The [Synoptic Mesonet API](https://synopticdata.com/mesonet-api) (formerly MesoWest) gives you access to real-time and historical surface-based weather and environmental observations for thousands of stations. 

# 📔 [SynopticPy Documentation](https://blaylockbk.github.io/SynopticPy/_build/html/)

Synoptic is _free_ up to 5,000 API requests and 5 million service units each month. That's a generous amount, but if you need even more data, a [paid tier](https://synopticdata.com/pricing) is available (through Synoptic, not me).



> ### 🌐 Register for a free account at the Synoptic API Webpage
>> https://developers.synopticdata.com
>
> You will need to obtain an API token before using this python package.

I wrote these functions to conveniently access data from the Synoptic API and convert the JSON data to a **[Pandas DataFrame](https://pandas.pydata.org/docs/)**. This may be helpful to others who are getting started with the Synoptic API and Python. The idea is loosely based on the obsolete [MesoPy](https://github.com/mesowx/MesoPy) python wrapper, but returning the data as a Pandas DataFrame instead of a simple dictionary, making the retrieved data more *ready-to-use*.

### Contributing Guidelines (and disclaimer)
Since this package is a work in progress, it is distributed "as is." I do not make any guarantee it will work for you out of the box. In fact, this is my first experience publishing a package to PyPI. Any revisions I make are purely for my benefit. Sorry if I break something, but I usually only push updates to GitHub if the code is in a reasonably functional state (at least, in the way I use it).

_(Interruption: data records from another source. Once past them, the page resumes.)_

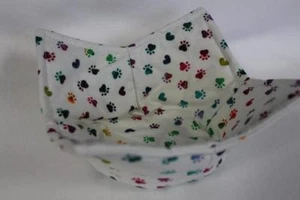 New Quilted Microwave Bowl Holder Bowl Cozy Bowl Potholder Tye Dye Paws - Picture 1 of 3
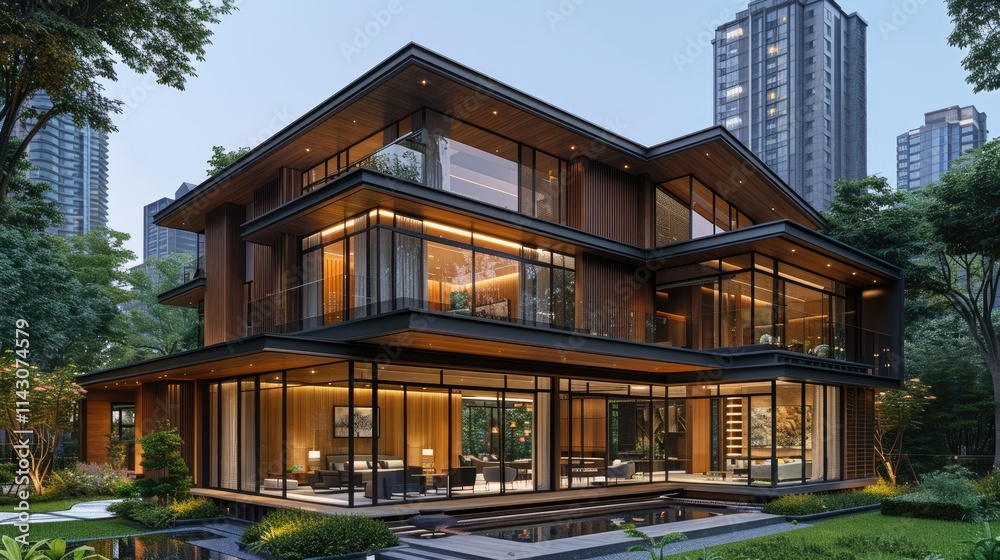 Modern architectural design featuring a spacious, glass-fronted house amidst urban greenery. Modern architectural design featuring a spacious, glass-fronted house amidst urban greenery.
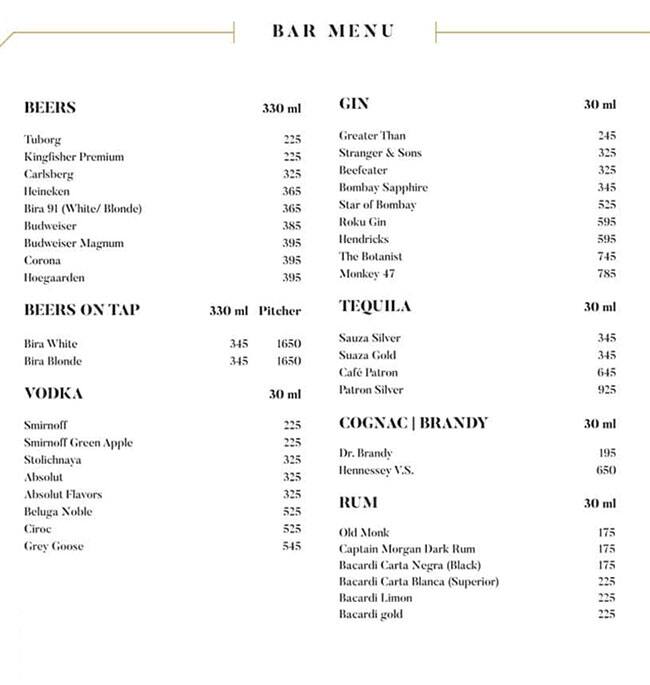 Gymkhana 91 Bar & Kitchen menu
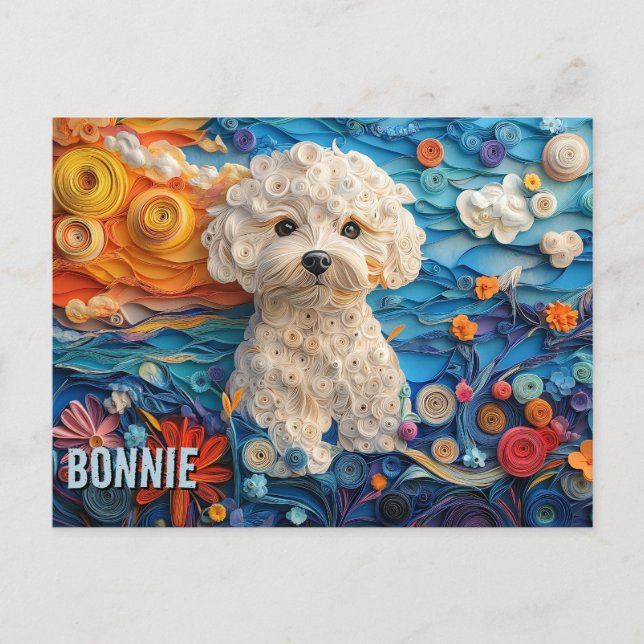 Bichon Frise Paper Quilling Art Dog Portrait Postcard (Front)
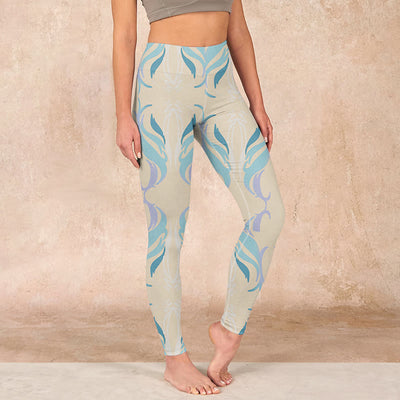 Buddha Stones Blue Purple Green Lines Gym Leggings Women's Yoga Pants - Beige - US18，UK/AU22，EU50 (4XL) - image 1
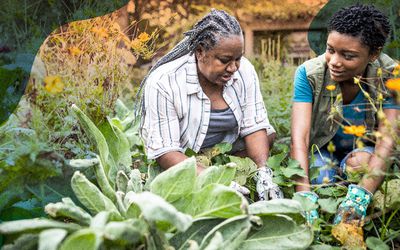Woman helping older relative with gardening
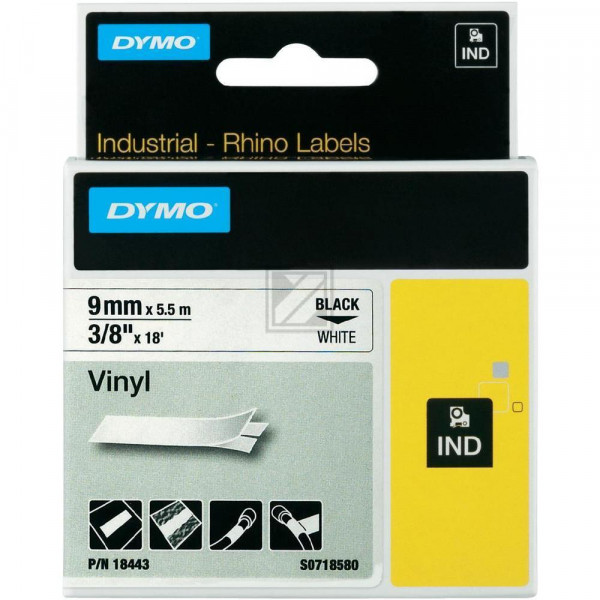 Dymo Farbiges Vinylband 9,0mm schwarz/weiß (18443)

With that said, I am happy to share this project with you. You are welcome to open issues and submit pull requests, but know that I may or may not get around to doing anything about it. If this is helpful to you in any way, I'm glad.

---

# 🐍 Installation and Conda Environment
### Option 1: pip
Install the last published version from PyPI. This requires the following are already installed:  
`numpy`, `pandas`, `requests`. It's optional, but you will want `matplotlib`, and `cartopy`, too.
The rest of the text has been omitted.